_TASK STATEMENT_: Where the data below shows a picture, leave that picture out and copy the rest exactly.

_PROVIDED MATERIAL_:
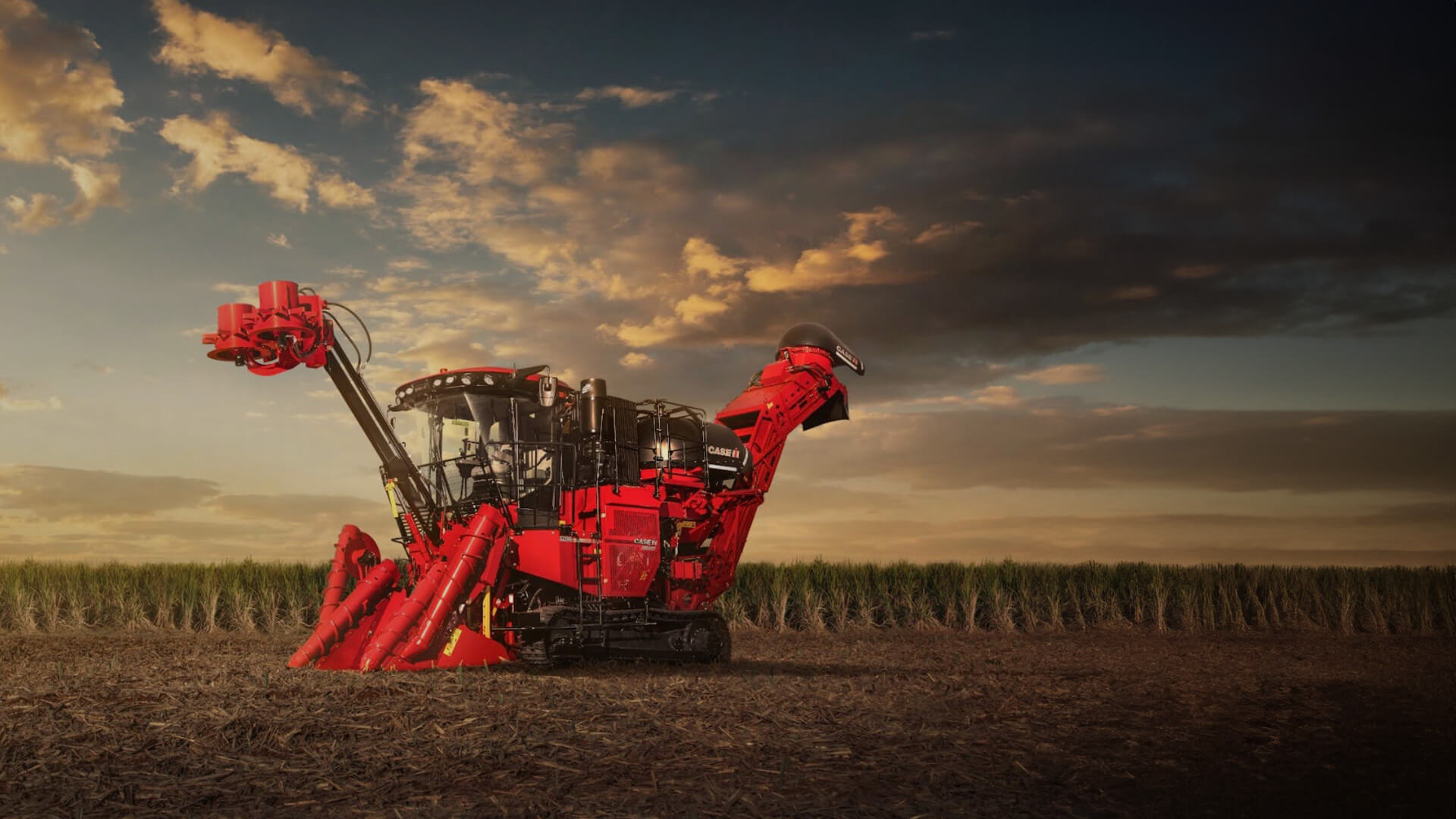 Red Case IH Sugarcane Harvester sitting in field 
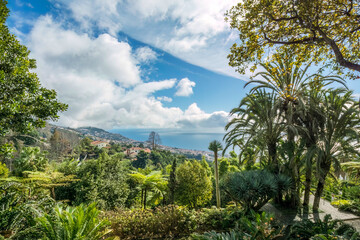 Fototapeta na wymiar Botanical Garden in Madeira Island, Portugal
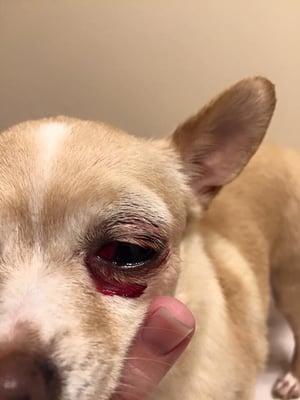 Severe subconjunctival hemorrhage caused by strangulation! Thanks Dirty Paws Dog Wash!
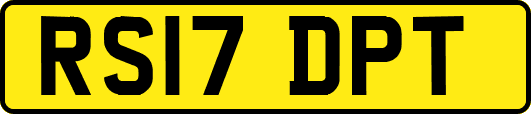RS17DPT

_RESPONSE AREA_:
 Red Case IH Sugarcane Harvester sitting in field 
 Fototapeta na wymiar Botanical Garden in Madeira Island, Portugal
 Severe subconjunctival hemorrhage caused by strangulation! Thanks Dirty Paws Dog Wash!
RS17DPT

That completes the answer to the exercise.